I love playing board games. I figured that if I started my kids on games when they were young that before they hit middle school, they’d give me some stiff competition. The plan worked. We simplified some games so even the youngest could play. As they got older, we got a lot of game playing in.
What are the regular ol’ board games that are so educational? First, many games come with some strategy involved. It’s a good thing to learn. Specifically, Monolopoly uses money math. Yahtzee uses addition and multiplication. Scrabble is a word game. Trivial Pursuit is reading. Rummy Cube is addition. There are many more everyday games that teach educational skills. We also have SET (visual perception), Chronology (history), Settlers of Catan (the fastest Catan game we ever played was won by one of the kids within 10 minutes. By the way, I try to win), Scrambled States (US geography), 10 Days In Europe (and In The United States, Africa, Asia, the Americas; geography). I don’t know how many of these games are easily accessible. 10 Days In are now hard to get a hold of and are extremely expensive but look for other exciting, new games out there. There are other games that are meant to be educational that are still fun. We used to have The Whale Game, Star Hop and Space Hop. Time for you to be on the lookout for games that your family will enjoy.
Perhaps your budget like ours is limited. We bought games over the years, not all at once, and many times at secondhand stores. I usually drop by a secondhand store at least a couple of times a month. Oh, I forgot to mention that my children are grown now and I teach enrichment classes for homeschoolers. That’s why I look for games so frequently... well, one of the reasons. I find such a treasure trove of old games and even new games.
My personal favorite game publishers are Gamewright and Play Monster. Some of the games are spendy but some are at secondhand stores, too. (And I so want to list all of my favorites here but your family can decide on your own favorites.)
If you have a pack of cards and some dice, there are also learning games to play with those--memory, Go Fish in a different language, etc. Different card games tend to be less expensive than board games. I sometimes make up my own games with dice, depending on what class I’m teaching. For example, I sometimes teach French so if a child rolls a 1, then they have to count to 10 in French; if a 2, they have to say a greeting; etc. to 6. I’ve used the dice game idea for covering things like exercise (“roll a 1, and we have to dance”) to theater games (“roll a 2, act out a nursery rhyme”).
Pen and paper games can be looked up in books or online. Too numerous to mention here. Although...there’s one that I learned in my math class in 7th grade. It’s called Bulls and Creots. The rules can be downloaded below.
When my kids were little and we had to drive somewhere, I made up “Add an Adjective.” Someone started with a noun (“The car”). The next person added an adjective--“the old car.” The third person added an adjective while keeping the one before--“the blue, old car.” The game continued around the car and would end if someone forgot one of the adjectives.
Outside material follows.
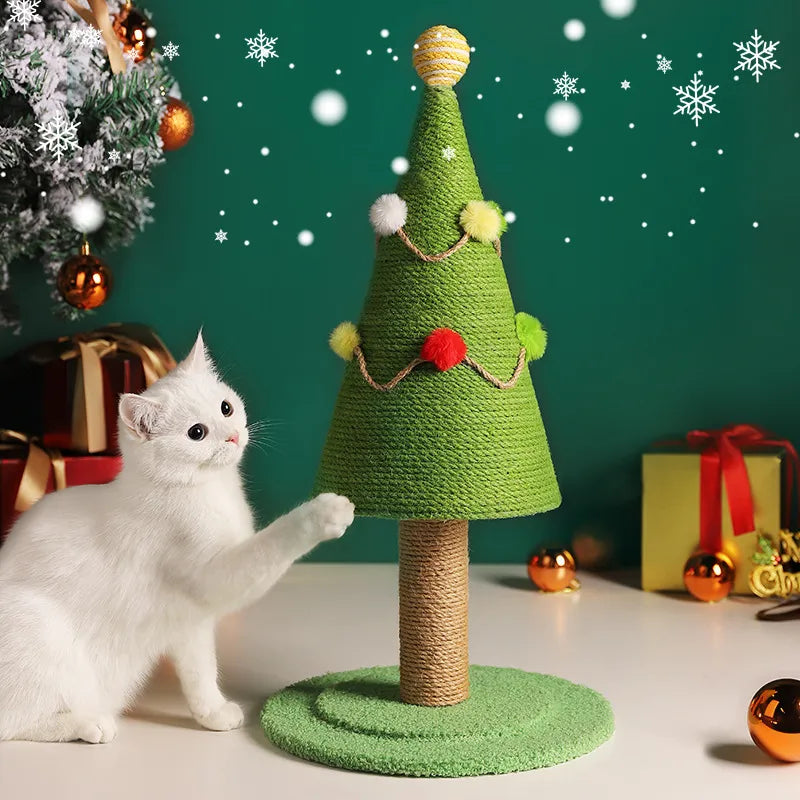 Katzenkratzbaum Weihnachtsbaum Stil mit Kratzfläche für Katzen zum Spielen und Klettern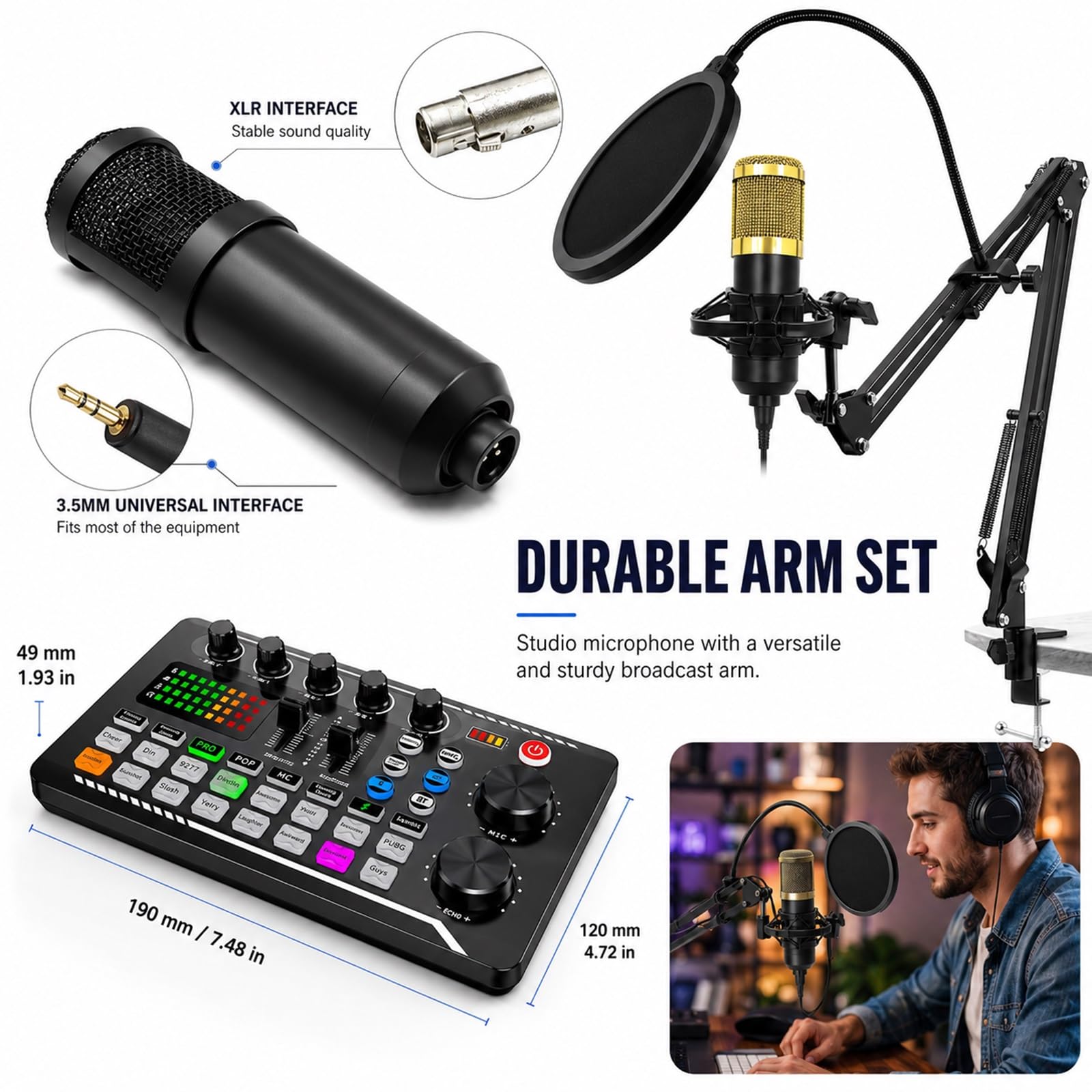 Kit Completo Per Podcast, Scheda Audio F998 E Microfono Da Studio BM-800 Con Braccio A Pantografo Regolabile; Include Mixer DJ, Interfaccia Audio E Modulatore Di Voce Per Live Streaming(Nero)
New round with a new noun.
Another one I would play with the kids was The Nursery Rhyme song/game. One of my children would read and memorize nursery rhymes just to win. It was great fun. To play, everyone sings an ABC song (not the one we usually sing; the tune is here) then Player 1 in the same tune sings a nursery rhyme. Everyone sings the ABC song again, then Player 2 sings a nursery rhyme. And so it goes for the rest of the game, each player taking turns. If the player whose turn it is doesn’t come right in singing or repeats a nursery rhyme that’s already been sung, that player is out. We would sing the song faster than the tune linked; makes the game harder.
There are cool online games and apps for different subjects. Do a search. I actually found one that I had when my kids were young (Zoombinis, love the logic games)
Games--fun, educational, even created by you. Oo, or your children could make up a game. We’re talking design, strategy planning, concept development, testing, re-design... did you know a child made up a game called Taco vs. Burrito? There are game-making kits you can buy or just use paper, cardboard, scissors, markers, and whatever you have at home to begin with. Be sure to link to my blog when your child creates the next award-winning game!